Anyone have any input on airplanes with just outright terrible climb performance?
Keep in mind, I’m not trying to compare a 737 to a Skyhawk. I’m looking for something more like, “Of the single engine pistons, ___ has terrible climb performance” or “Of the heavy transports, ___ has terrible climb performance.” Basically, airplanes that when you pass over that 50 foot treeline at the end of the runway, you feel a little lower than usual.
Back in the day my CAP squadron used several NJ Wing owned ex. L-4 J-3s for primary flight training at TEB.
This was fine for the “average” 16YO cadet who probably weighed 100lbs soaking weight with a brick in each hand.
But I’ve always been the “large, economy size” and by 16 had reached my ultimate height of 6’6" and weighed in the neighborhood of 225!
Add in an adult, ex. military FI of unknown size and there’s no doubt in my mind that there were more than a few occasions when we were well over max. as we struggled into the air on a hot NJ summer day.

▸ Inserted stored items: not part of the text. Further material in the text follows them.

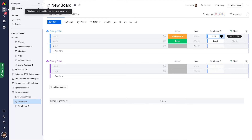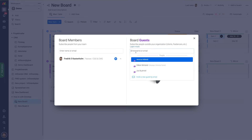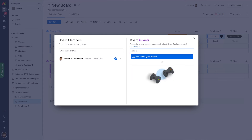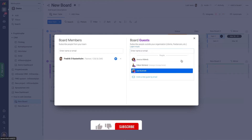What I do is I click invite, and I'm not going to invite a board member — I'm going to invite a guest. I type in the email address to that guest, and now the invitation is sent.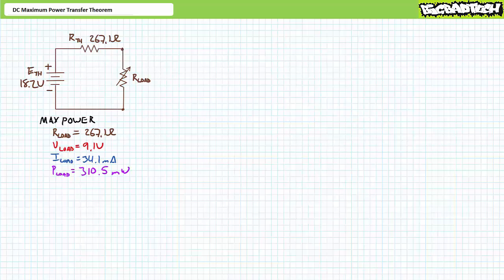Note the load resistor is but one of two resistors in the equivalent circuit, the other being R-TH. At maximum power conditions, our load drops half of the Thevenin's equivalent voltage, and the other half of E-TH is dropped across R-TH, which also experiences the same current given that the Thevenin's equivalent is a pure series circuit. This means at maximum power conditions, R-TH dissipates just as much power as R-load, which leads us right into a discussion on efficiency.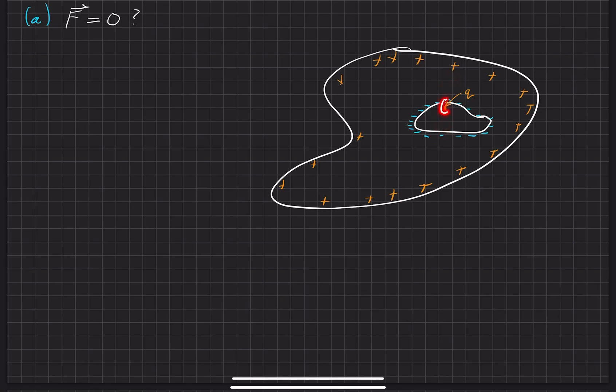Obviously, the magnitude is different based off the one over r squared value right here, but there are still forces acting out on this charge right here.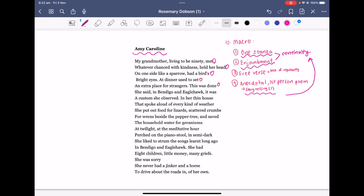The next technique to consider is the use of free verse. There isn't a sense of regular meter or rhyme, and therefore the lack of regularity is also adding to the notion of continuity that we have been talking about.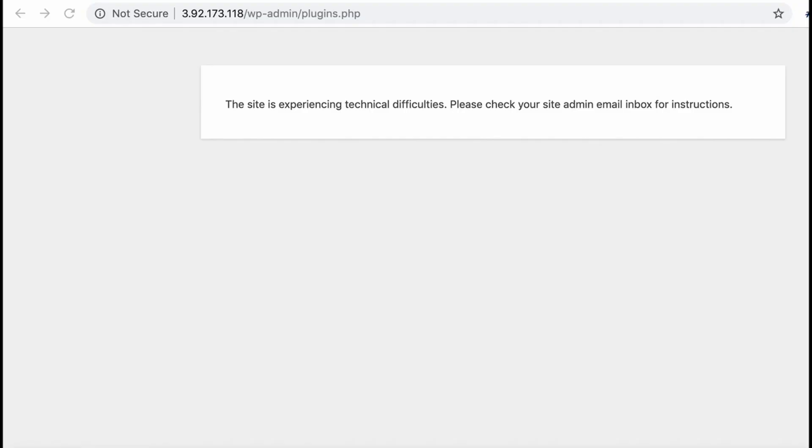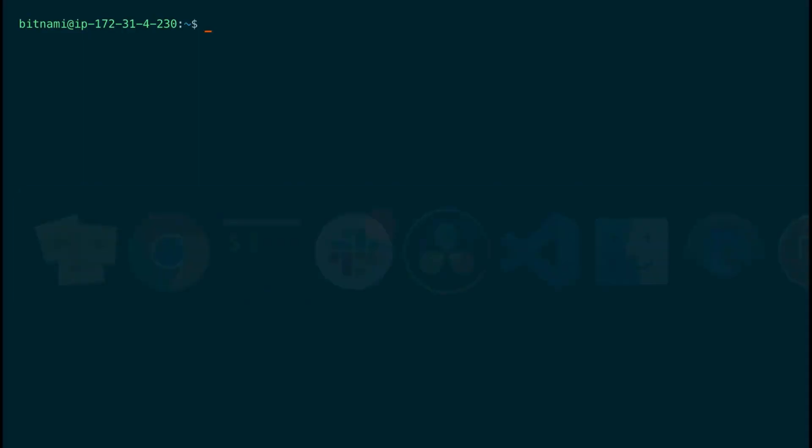Sometimes WordPress shows the error message you can see on the screen. A lot of times that's due to a PHP error of a plugin. So in that case you can't access the admin page and you need to deactivate all the plugins to be able to log in again.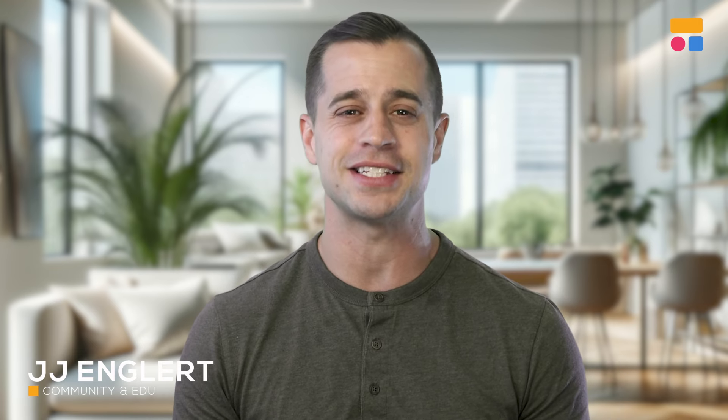Hi, I'm JJ, Softer's community and education lead. Today, I'm excited to show you how Softer makes it easy to build user-friendly interfaces on top of your monday.com data. No coding required.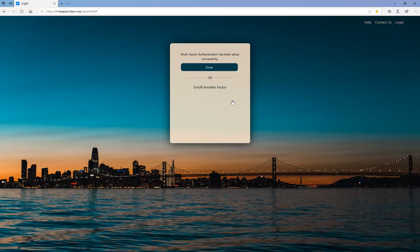Once your MFA has been set up successfully, you may click the Done button. Keep in mind, the Department of Technology recommends that users enroll in at least two methods of authentication. You can click the Enroll Another Factor link to complete another enrollment. For demonstration purposes, we will click Done.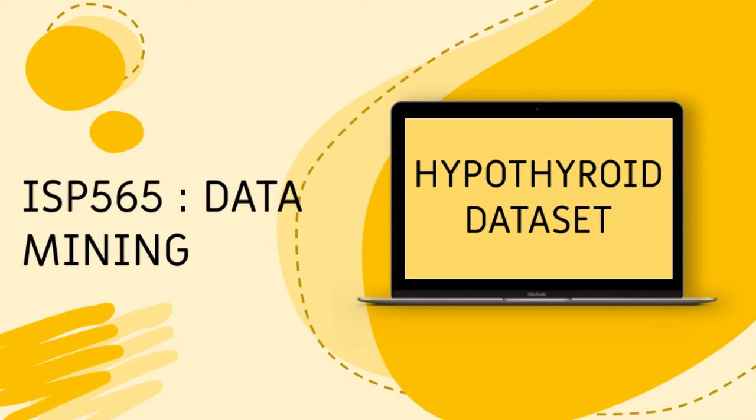Hello and welcome to our presentation. Today we are going to present you our data mining project which is using the hyperthyroid dataset.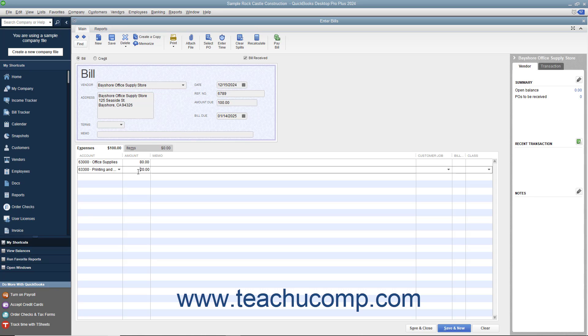After entering the bill and attributing it to the correct accounts, you can save the bill by either clicking the Save and Close button to save the bill and close the window, or clicking the Save and New button to save the transaction but leave the Enter Bills window open for further bill entry.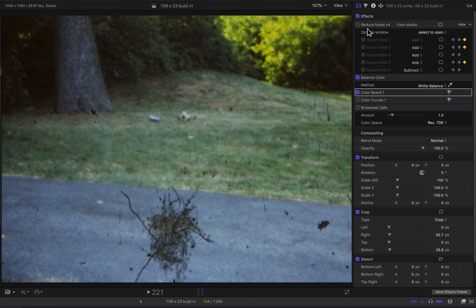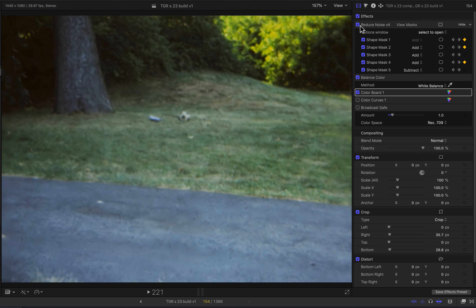Up here we have Reduced Noise V4 — that's Neat Video. I now click it, and the dust clump disappears! All the dust disappears! Absolutely incredible.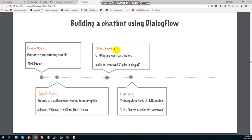Next, define entities. For example, 'Book cars' — I want to book a car today, or I want to book a car tomorrow. In the full sentence, there are parameters: 'car' is one parameter — I want to specify the car. 'Today' or 'tomorrow' is another parameter — I want to specify the date.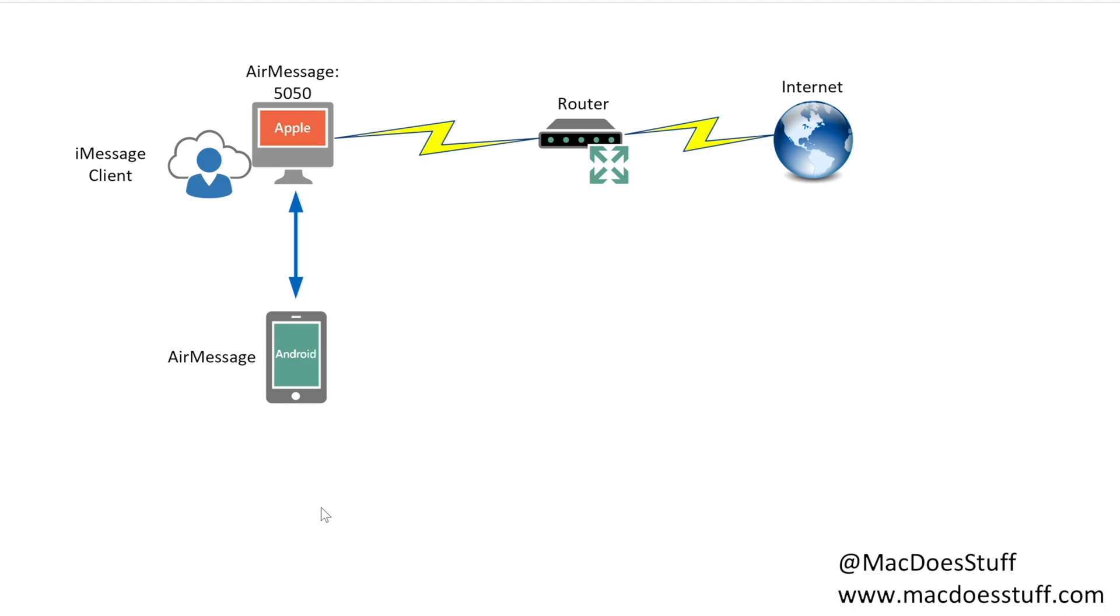Now what we've just done, we've configured this so my AirMessage would work just fine while I'm on my home Wi-Fi. But what about if I want to make it work outside, when I'm out on 4G or something like that? Well you can do it and I'm going to show you how to do it.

The FIs must have shared my concerns about mixing me with that aircraft as, shortly into my training, I was “upgraded” to one of the Wing’s Stearman PT-17s, in which I eventually soloed.
Probably the source of my deep and abiding love of radial engines in general and taildraggers in particular.
Yea, conversions are fine. I didn’t mean to get too technical or picky. I just didn’t want someone to say Boeing 707 (hypothetical, i don’t have any clue if this is true) has terrible climb performance and then have someone else say, well the 707 isn’t as bad a Cessna Skyhawk. Obviously we are talking about two different kinds of airplanes. Just looking for airplanes, given what they are designed to do, have poor climb performance as compared to others in the similar class.
An airliner you WON’T see on this list is the 757. What a rocket!! Those SOBs sport a couple of turbofans that Tim “The Tool Man” Taylor would be proud of.
I flew a 1967 C150 for primary… I was around 180lb, and my instructor was a 240lb South African rugby player… and we were flying in the middle of a Georgia summer… we’d be lucky to see 250ft/min during climb.